The Canadian housing market has been keeping investors and analysts on edge since before the pandemic began. Analysts keep expecting it to crash due to the highly inflated housing price bubble we have seen forming for the better part of the last decade. Apart from the brief decline in 2017 and 2018, the Toronto housing market has seen home prices rise for almost two decades without letting up.
Despite the pandemic, housing prices continue to stray further away from the reach of most potential homebuyers.
Many experts claimed that the housing bubble would burst in 2020. We have already gone through a market crash this year, but housing prices did not budge like we thought they would. The low interest rate environment is driving further sales. As potential homebuyers continue to take out mortgages to buy homes, we could finally see a major housing crash.
Housing market situation
Housing prices in major Canadian cities like Toronto and Vancouver are acting strangely. The median prices of houses in Toronto are increasing after a brief fall in May, and the activity is high. Vancouver has still seen a steadier fall in prices. There are a few factors that contributed to a steady increase in housing prices, despite the weak economy.

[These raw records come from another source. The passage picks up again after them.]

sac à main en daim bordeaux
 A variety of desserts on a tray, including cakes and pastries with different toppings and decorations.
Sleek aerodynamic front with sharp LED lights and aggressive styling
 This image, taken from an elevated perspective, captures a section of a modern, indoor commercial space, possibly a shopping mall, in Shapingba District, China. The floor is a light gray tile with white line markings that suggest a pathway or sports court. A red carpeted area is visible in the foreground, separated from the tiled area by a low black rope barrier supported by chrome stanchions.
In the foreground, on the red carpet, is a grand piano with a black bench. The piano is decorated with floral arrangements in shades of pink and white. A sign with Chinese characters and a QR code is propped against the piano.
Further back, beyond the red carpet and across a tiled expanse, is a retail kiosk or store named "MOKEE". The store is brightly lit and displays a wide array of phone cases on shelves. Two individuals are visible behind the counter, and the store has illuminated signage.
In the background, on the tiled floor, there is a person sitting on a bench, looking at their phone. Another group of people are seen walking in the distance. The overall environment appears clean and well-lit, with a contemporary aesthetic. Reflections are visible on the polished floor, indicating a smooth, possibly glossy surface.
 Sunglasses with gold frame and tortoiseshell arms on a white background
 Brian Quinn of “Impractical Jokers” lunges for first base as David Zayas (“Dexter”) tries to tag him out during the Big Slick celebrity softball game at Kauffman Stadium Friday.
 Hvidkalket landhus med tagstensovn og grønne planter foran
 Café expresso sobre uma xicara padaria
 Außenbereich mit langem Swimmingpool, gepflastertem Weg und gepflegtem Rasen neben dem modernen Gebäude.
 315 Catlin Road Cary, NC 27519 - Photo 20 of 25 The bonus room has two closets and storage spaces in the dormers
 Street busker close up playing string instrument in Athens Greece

Unemployment rates continue to be at historical highs, despite a reopening economy. More than 1.8 million Canadians do not have jobs. The Canada Emergency Response Benefit (CERB) was helping people manage their finances while jobless. As the program ends, people will likely consider taking care of essential expenses before deciding they should buy properties.
The COVID-19 pandemic has also led to a significant decline in immigration — a primary provider for the tenant base that homeowners rely on for income. The travel restrictions might ease up soon, but we can expect to see a massive supply with low demand in the housing market.
Collectively, these factors could cause a significant correction in the housing market. The headwinds from this crash could impact the overall economy and cause another stock market crash.
Is there any safe real estate exposure?
The housing market is at risk of a major crash. I would not advise taking out a mortgage to buy a house right now. However, you can still leverage the potential of real estate investments through a real estate investment trust (REIT) like Killam Apartment REIT (TSX:KMP). It is an apartment-focused REIT that had an excellent second quarter in 2020 compared to its peers.
The company managed to increase its ROI, despite fair-value adjustments going downhill. The REIT’s funds from operations increased to $26.6 million from $23.7 million in 2019. The company also collected 98.6% of rental payments in the second quarter. The REIT has generated 33% net operating income from apartments built in the last 10 years.
At writing, the REIT is trading for $17.30 per share, and it pays its shareholders a juicy 3.93% dividend yield. Its share price is down 6.59% year to date, and it looks like a safe bet due to its market-beating returns.
Foolish takeaway
There is still plenty of uncertainty looming in the economy as we traverse this unprecedented year. Stock markets took a steep dive in February and March and climbed back at a surprising rate. The housing market continues to baffle investors and experts. However, all the factors propping prices up could stumble to create a significant correction.
I would advise being wary of the market movements. If you want to enjoy exposure to the real estate market, it would be better to invest in a REIT like Killam Apartment REIT instead of purchasing a property.